ECB GOLD PLANS: Germany audits its gold reserves, looks to bring them home.

As news breaks that Mario Draghi’s ECB is giving serious consideration to gold-backed eurobonds and a ban on gold ownership in the eurozone, respected English-language German site DW reports that Berlin is to ship 150 tons of gold from New York to Germany.

In the light of this revelation, the German Bundesbank stresses that it does not doubt ‘the integrity, reputation and safety’ of the foreign storage sites. But Folker Hellmeyer, the chief economist at Bremer Landesbank, observed that “…the shortcomings in monitoring our gold reserves have to be viewed quite critically. It makes sense that this issue has been taken up by the National Audit Office.”

It makes sense alright Folker, but why now? As DW correctly observes, ‘as the financial crisis has engulfed the European single currency zone, [gold] has shifted into the focus of politicians’. Indeed it has.

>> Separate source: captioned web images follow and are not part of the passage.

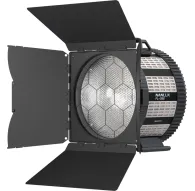 NANLUX FL-35E motorizēts Fresnel objektīvs ar heksagonālām optikām un regulējamiem barn dooriemNANLUX FL-35E motorizēts Fresnel objektīvs ar heksagonālām optikām un regulējamiem barn dooriem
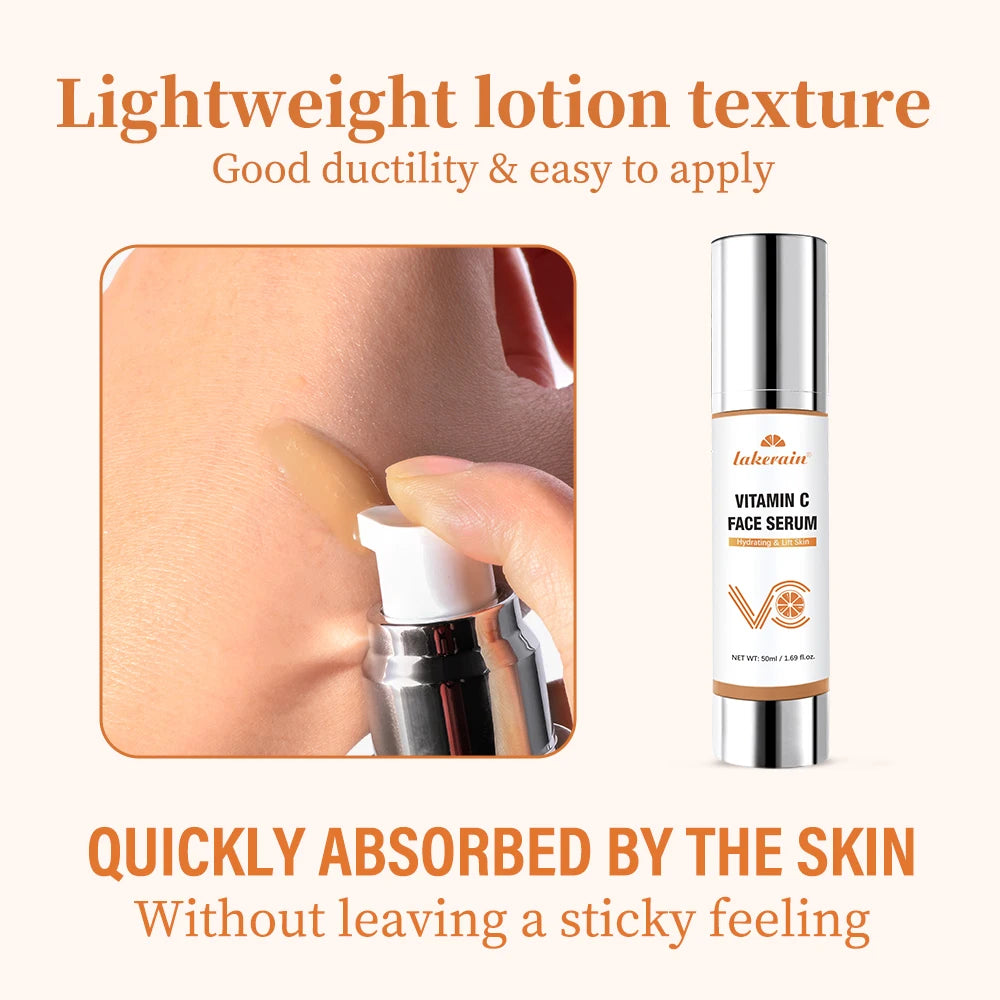 Daily Face Care Vitamin C Serum for Brightening and Hydrating Skin
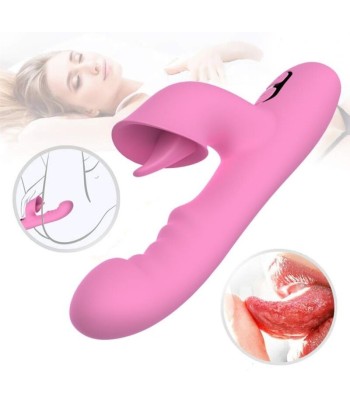 NALONE - T-MAY VIBRADOR RABBIT CON EMPUJE Y MOVIMIENTO OSCILANTE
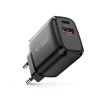 Tech-Protect NCA30 USB-A, USB-C wandlader PD 30W / QC3.0, zwart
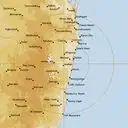 Live Grafton Weather Radar - 256km - Rain Rate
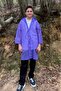 Children's Raincoat – Hooded Unisex Waterproof Lightweight Long Model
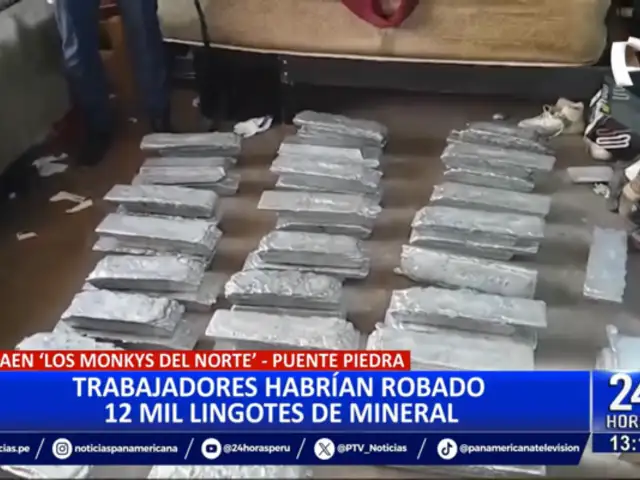 Puente Piedra: Trabajadores habrían robado 12 mil lingotes de mineral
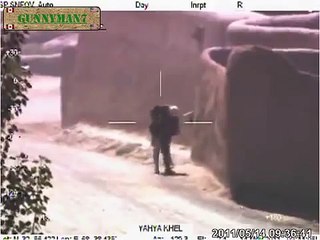 Taliban Firing RPGs at US Base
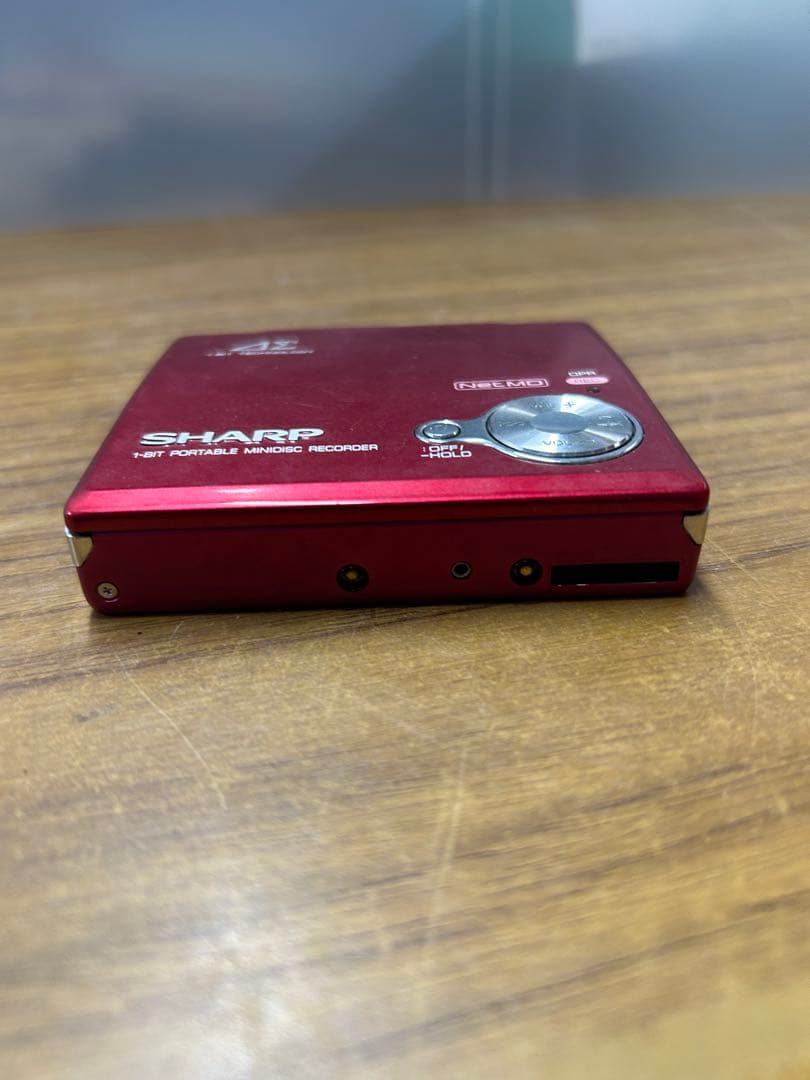 【ジャンク】SHARP 1bitポータブルMDレコーダー IM-DR80-R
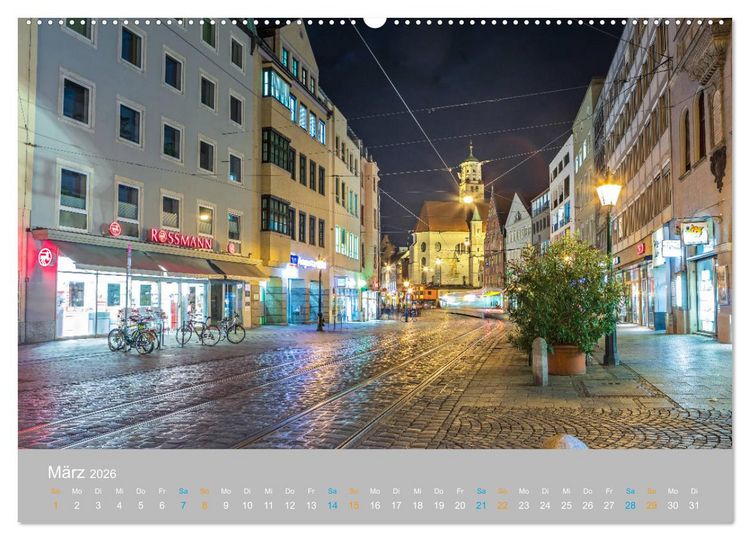 Produktbild: Augsburg - Stadt der Renaissance (hochwertiger Premium Wandkalender 2026 DIN A2 quer), Kunstdruck in Hochglanz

Germany has the second largest gold reserves in the world. While the US allegedly has 8,133 tons, Germany has nearly 4000 tons. Gold reserves are an important part of the reserves of national banks in the eurozone: according to the World Gold Council (WGC), the eurozone countries together hold over 10,787 tons of gold.

The European Central Bank holds only 502 tons of that – less than 5% of the total. Is Berlin quietly preparing to give support to the ECB’s Last Redoubt plan for the euro? What will the public reaction there be if and when this scheme gains wider awareness in Germany?